Court of Claims Judge Cynthia Stephens issued the ruling following a case that was brought by the Michigan Alliance for Retired Americans against Michigan Secretary of State Jocelyn Benson.

“I’m glad. I’m excited. It isn’t that voter’s fault. They voted before the deadline. That’s what you have to understand, and that’s what’s important. They voted before 8:00 election day,” said Genesee County Clerk John Gleason.

While those ballots will get counted, don’t bank on finding out results election night or the next morning.

“There’s going to be a lot of consternation. There’s no question it’s going to really slow down the tabulation of the votes,” Gleason added.

With a sample size of 600, 52% of people in Michigan surveyed in a recent exclusive ABC12 EPIC MRA poll said they plan to vote absentee. Grand Blanc Township Clerk Cathy Lane said despite the ruling, to still mail those ballots in early and make sure the envelope is signed.

“We’re having people not sign, they’re signing improperly, husbands are signing for wives. We very closely look at their master cards and if it isn’t the signature we have on file, we’re calling and sending letters to those people," Lane said.

One registered voter we spoke with in Genesee County has been voting absentee for 8 years. For him, it’s all about convenience.

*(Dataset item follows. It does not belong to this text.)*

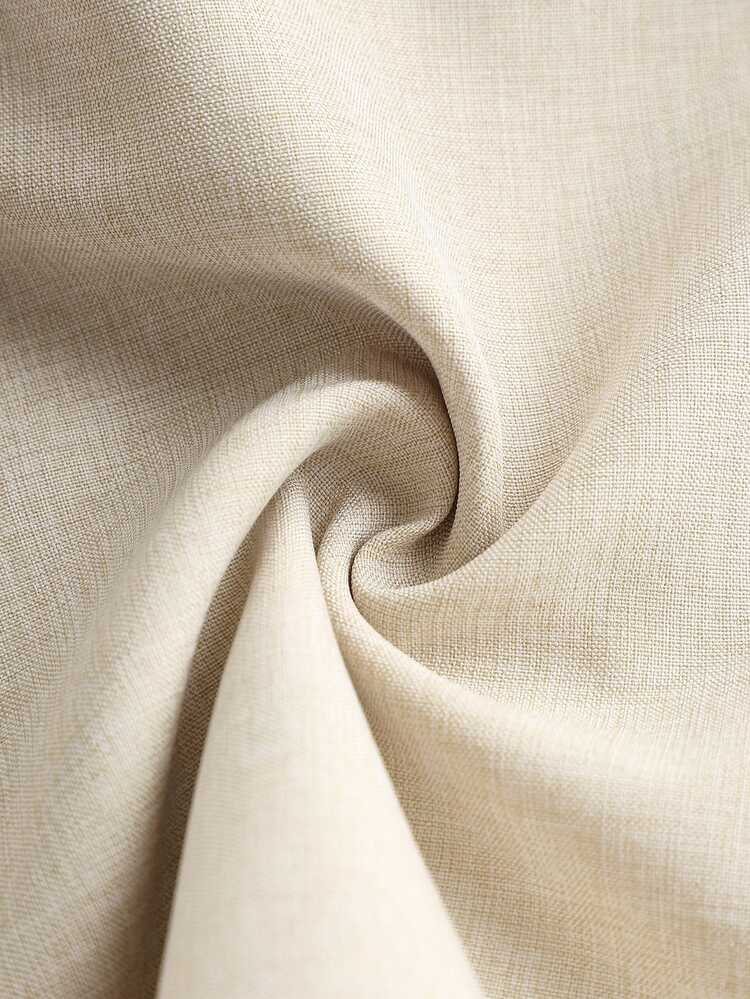Skyraze Crew Neck Sleeveless Contrast Trim Bow Decor Waist Flare Hem Khaki Casual Elegant Dress Garden Party Summer - Khaki - View 9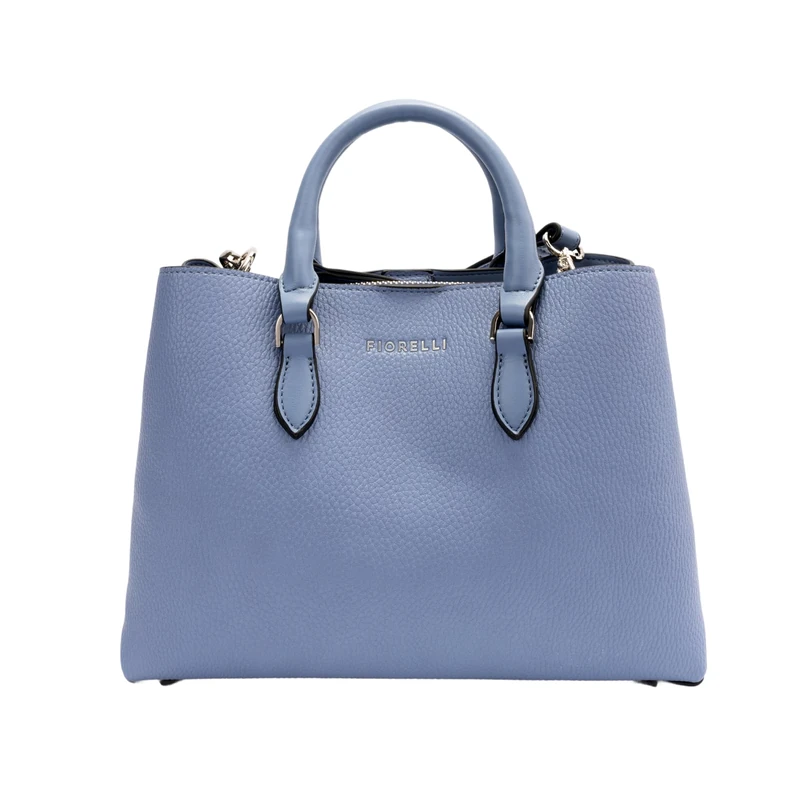 Fiorelli Women's Emery Mini Satchel Bag, Stylish Handbag with Grab Handles & Crossbody Strap, Faux Leather, Cornflour Blue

“I’m old enough. 76. That’s when I started doing that, cause I don’t have to go and get in line,” said John Budke.

That exclusive ABC12 EPIC MRA poll also revealed 46% of people plan to vote in person, like Emily Carlton who is not yet registered to vote because she just turned 18, but plans on doing so prior to election day.

“I thought that going into the polls would make it more of a memorable experience. I just want the actual experience of voting in person than doing an absentee ballot,” Carlton said.

And if voting in person, municipal clerks are working diligently to make sure the process is done smoothly and safely.

Voters will be expected to wear masks along with election workers, social distancing will be enforced as well as the use of hand sanitizer.

“We want informed voters to make sure they follow the procedures and get their vote in so it can be counted in this very important election,” Lane added.